The problem: Lines before the one with "MDMA Premium VHQ Донской" are left out; return that line and all that follow it, exactly, through the end of the data.

[Extracted data entries]

= = = = = = =

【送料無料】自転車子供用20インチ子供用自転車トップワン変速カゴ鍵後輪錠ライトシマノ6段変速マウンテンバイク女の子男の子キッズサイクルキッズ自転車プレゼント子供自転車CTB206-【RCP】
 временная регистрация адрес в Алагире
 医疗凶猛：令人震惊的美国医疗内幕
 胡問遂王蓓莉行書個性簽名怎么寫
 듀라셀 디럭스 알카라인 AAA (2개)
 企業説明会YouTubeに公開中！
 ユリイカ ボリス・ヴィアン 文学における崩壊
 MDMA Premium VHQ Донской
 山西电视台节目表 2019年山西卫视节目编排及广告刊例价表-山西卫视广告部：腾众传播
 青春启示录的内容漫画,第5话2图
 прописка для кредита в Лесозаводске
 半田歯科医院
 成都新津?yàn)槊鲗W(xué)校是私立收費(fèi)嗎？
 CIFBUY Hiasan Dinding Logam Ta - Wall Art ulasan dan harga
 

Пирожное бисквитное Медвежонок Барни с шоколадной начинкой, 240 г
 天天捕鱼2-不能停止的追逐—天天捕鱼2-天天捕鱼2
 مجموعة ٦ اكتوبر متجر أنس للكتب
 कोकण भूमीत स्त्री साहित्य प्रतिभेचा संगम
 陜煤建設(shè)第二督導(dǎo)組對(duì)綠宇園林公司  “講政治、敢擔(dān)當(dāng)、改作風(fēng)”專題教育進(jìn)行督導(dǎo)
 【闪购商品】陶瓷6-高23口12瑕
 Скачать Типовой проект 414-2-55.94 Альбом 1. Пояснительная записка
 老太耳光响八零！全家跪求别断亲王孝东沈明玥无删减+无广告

= = = = = = =

Output for this task:
 MDMA Premium VHQ Донской
 山西电视台节目表 2019年山西卫视节目编排及广告刊例价表-山西卫视广告部：腾众传播
 青春启示录的内容漫画,第5话2图
 прописка для кредита в Лесозаводске
 半田歯科医院
 成都新津?yàn)槊鲗W(xué)校是私立收費(fèi)嗎？
 CIFBUY Hiasan Dinding Logam Ta - Wall Art ulasan dan harga
 

Пирожное бисквитное Медвежонок Барни с шоколадной начинкой, 240 г
 天天捕鱼2-不能停止的追逐—天天捕鱼2-天天捕鱼2
 مجموعة ٦ اكتوبر متجر أنس للكتب
 कोकण भूमीत स्त्री साहित्य प्रतिभेचा संगम
 陜煤建設(shè)第二督導(dǎo)組對(duì)綠宇園林公司  “講政治、敢擔(dān)當(dāng)、改作風(fēng)”專題教育進(jìn)行督導(dǎo)
 【闪购商品】陶瓷6-高23口12瑕
 Скачать Типовой проект 414-2-55.94 Альбом 1. Пояснительная записка
 老太耳光响八零！全家跪求别断亲王孝东沈明玥无删减+无广告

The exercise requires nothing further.